The stack and the deploy
Underneath, the stack is fairly boring, and that's on purpose. The interesting part is the data, not the infrastructure.
- Frontend and API: TanStack Start (React 19) with tRPC v11.
- Database: PostgreSQL 16 with Drizzle, around 20 tables.
- Queues: BullMQ on Redis 7.
- Storage: MinIO, where I keep a snapshot of every fetch forever.
- Auth: Better Auth. Notifications: Resend and Web Push. Languages: Spanish, Catalan, and English.
The snapshots are worth a separate mention. Every time the system downloads an HTML page or a PDF, it saves it with its content hash. That buys me two things that ended up being key: I can re-extract everything when a better model ships, without bothering the sources again, and I can trace where any given value came from months later. In something people use to make a real decision, knowing where each piece comes from isn't up for debate.
The deploy is deliberately simple: a single Hetzner VPS with Docker Compose, managed with Coolify (caddy, web, worker, scheduler, postgres, redis, and minio). And there's a separation that lets me sleep at night: production is a read-only replica, with scraping turned off. All the collection and AI enrichment runs on my machine, and I only sync the already-verified result to production.
Built with Claude Code
I built most of it with Claude Code, leaning on a few specific skills: deep-research to make sense of the tangle of protected-housing rules before writing a line of code, impeccable so the interface wouldn't end up looking like a government form, and the SEO/GEO skill set by aaron-he-zhu for search ranking and generative-engine optimization. The AI isn't only inside the product: it was also part of how I built it.
What I'm taking away
The strangest part of building this is that the AI, the bit that sounds impressive, was nowhere near the hardest. The hard part was everything else: codifying legal rules and checking they came out exact, keeping the provenance of every value, filtering the gazette noise without letting through notices that aren't real offers, and holding the line on showing honest odds instead of inflating expectations.
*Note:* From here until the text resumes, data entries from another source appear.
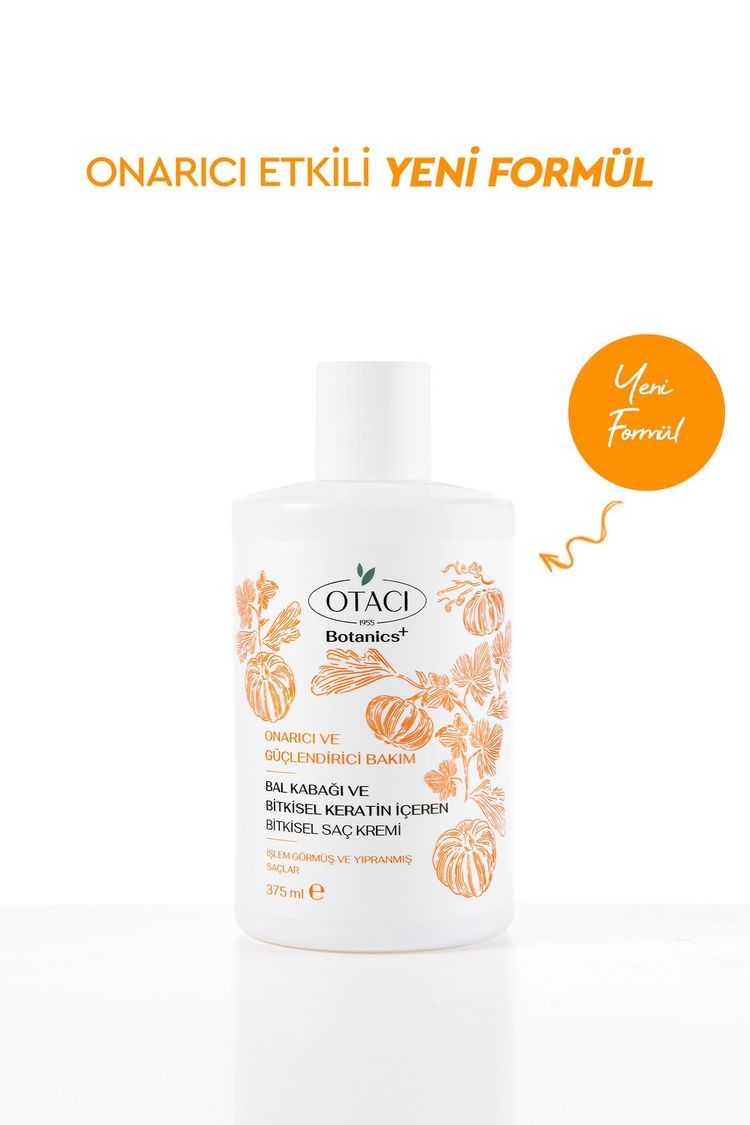  Botanics + Onarıcı & Güçlendirici Bakım - Balkabağı ve Bitkisel Keratin İçeren Bitkisel Saç Kremi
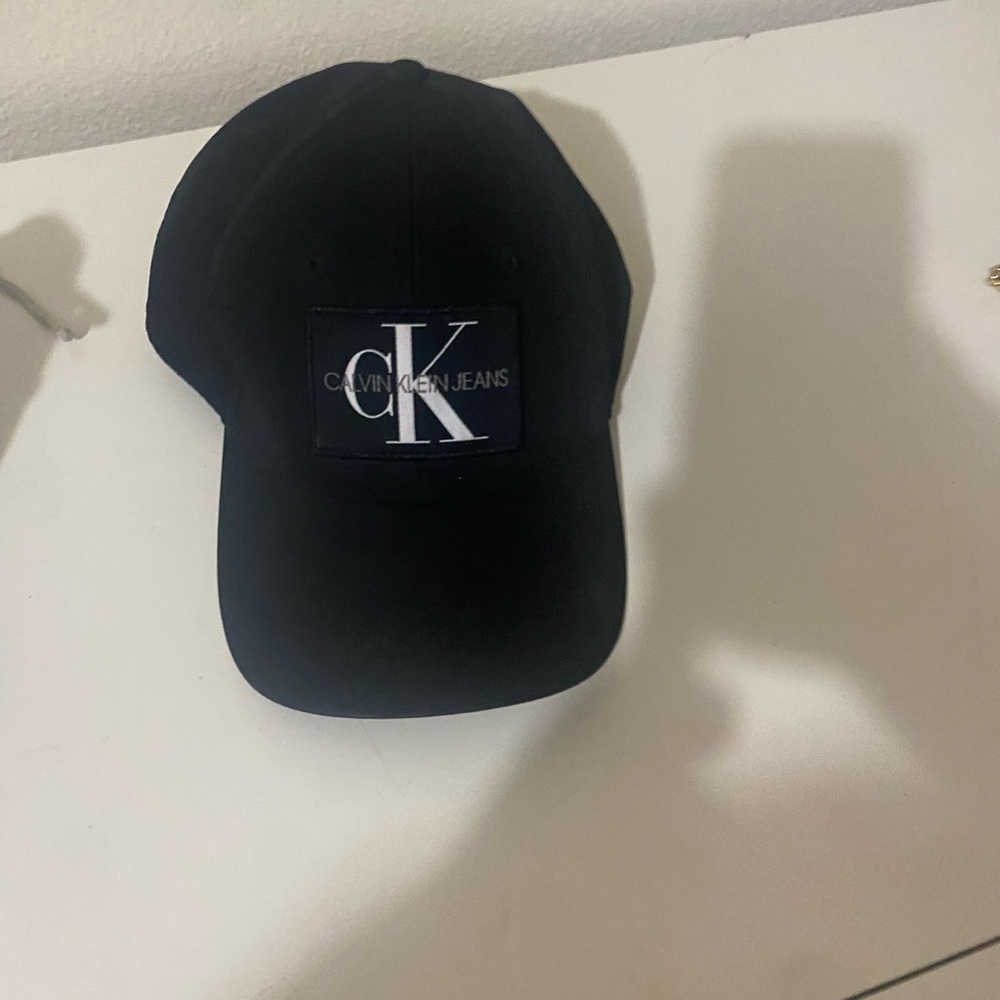 Calvin Klein Kids Black Logo Cap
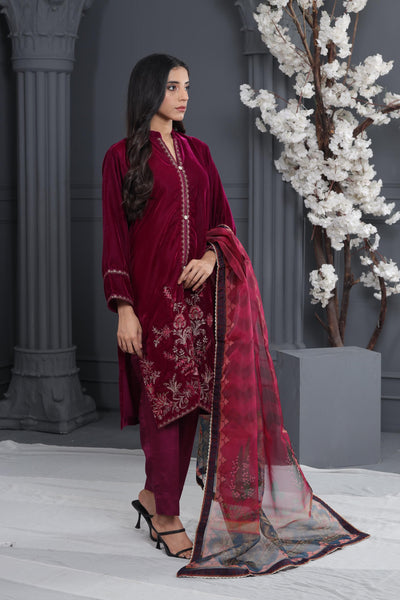 Design 5 - Maria B Festive Embroidered Stitched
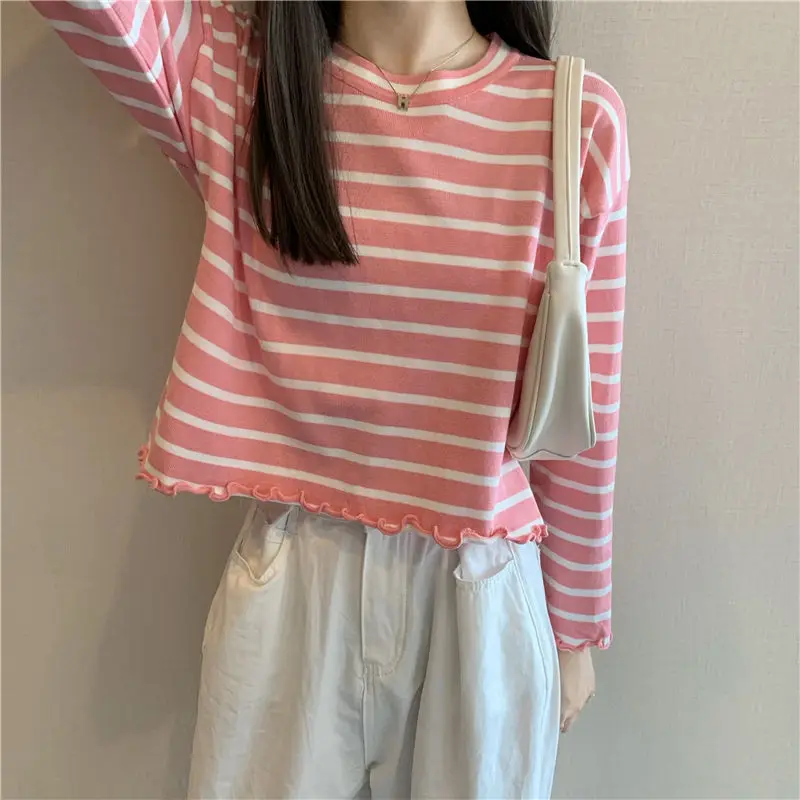 

2023 Plain Clothes White Striped Women's T Shirts Black Slim Female Tops Sexy Tees New In Causal Korean Style Xxl Funny Tshirts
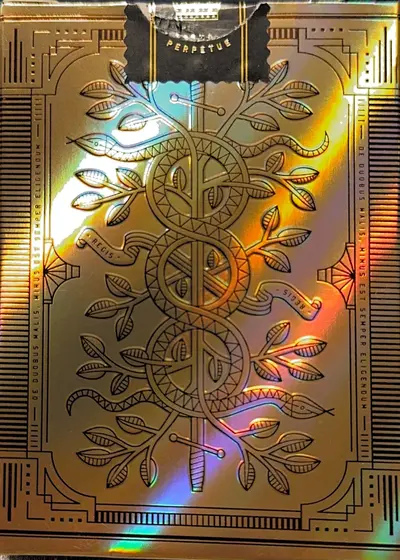 Monarchs Gold Edition tuck box, back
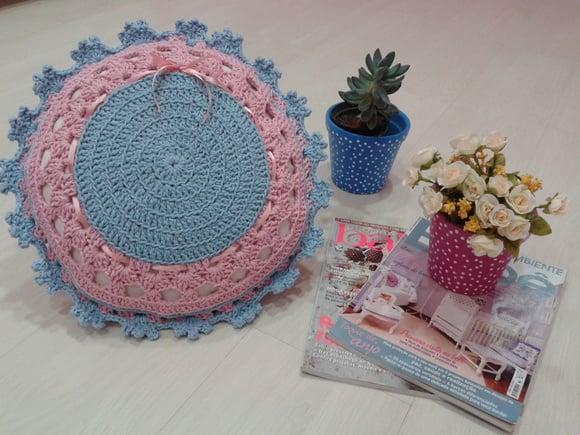 Almofada de croche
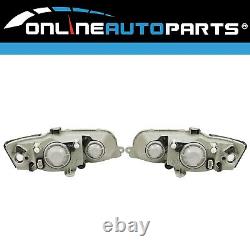 Headlights BLACK PAIR LH+RH Head Lamps SS suits Holden Commodore VY 20022004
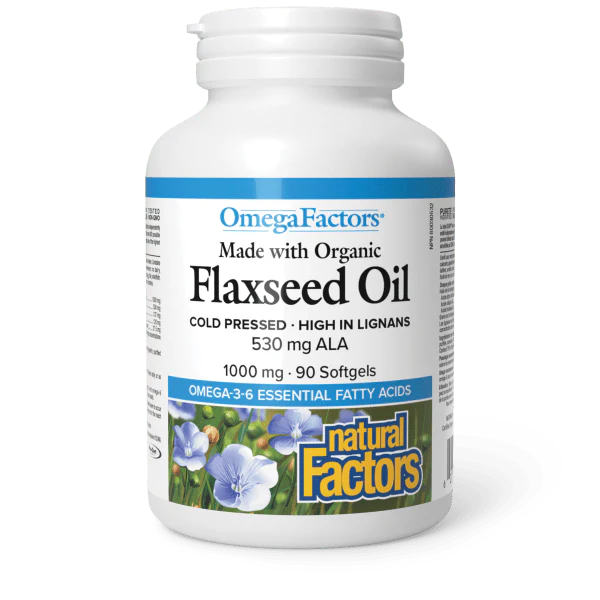 Flaxseed Oil 530mg ALA - 1000mg - 90 Softgels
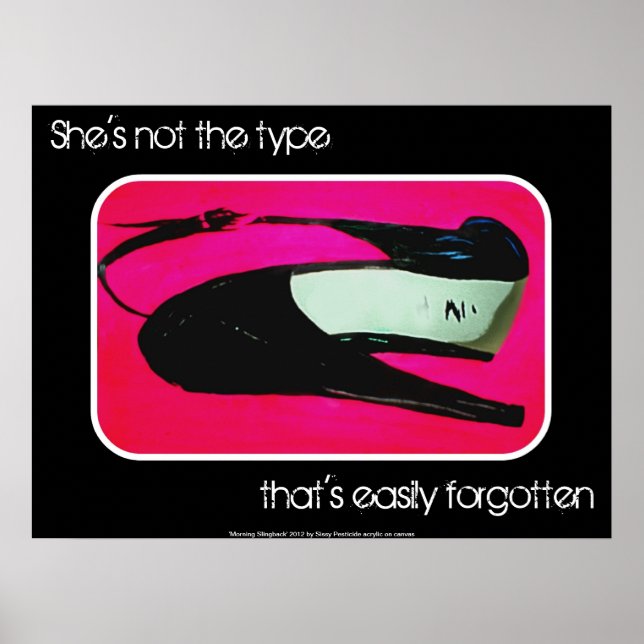'She's not the type' Poster (Front)
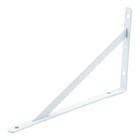 Suporte Prateleira Mao Francesa Thompson 25Cm Branco - Kit C/12 Peca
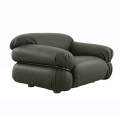 Modern Tacchini Sesann Leather Armchair
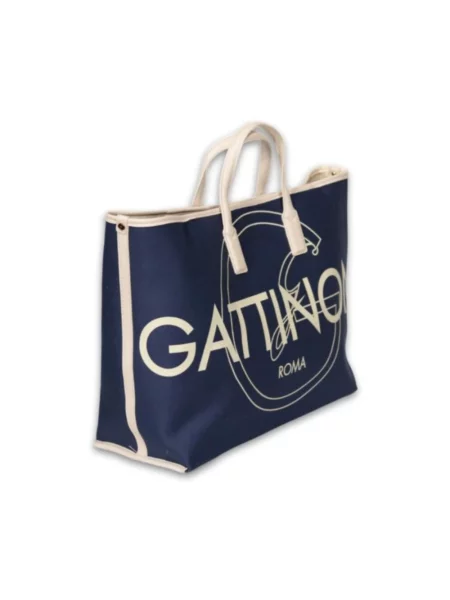 Shopperka Gattinoni z logo niebieska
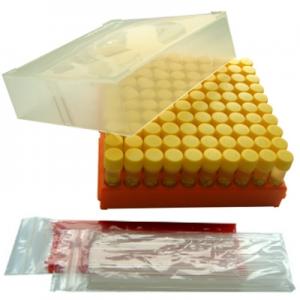 Protect Plus Yellow caps & beads Polypropylene Tray, Loops & Needles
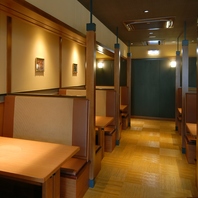 和食屋ならではのシーンに合わせたお席もご用意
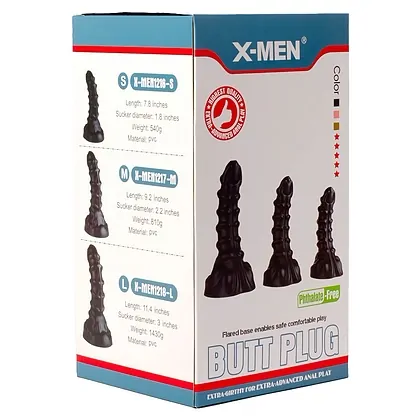 Anal Plug X-MEN Monster Plug 3 L Negru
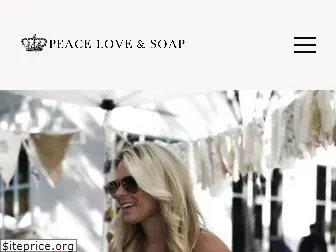 peaceloveandsoap.com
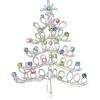 imageBriLove Merry Christmas Tree Brooch Pin Xmas Star Rhinestone Decorative Gift for Women Multicolor SilverTone
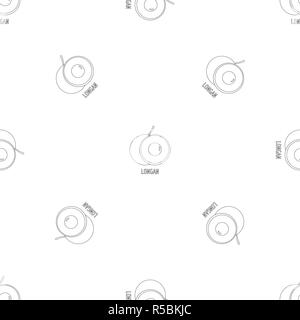 Longan pattern seamless vector repeat geometric for any web design Stock Vector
Claude solved something that was nearly impossible a couple of years ago: reading ugly official PDFs and handing back data I can trust. But that trust doesn't come from the model alone, it comes from wrapping it in a schema, a cache, a fallback, and a test that breaks the build. AI pays off far more when you treat it as one more part of the system, with its limits, and not as a magic box that's always right.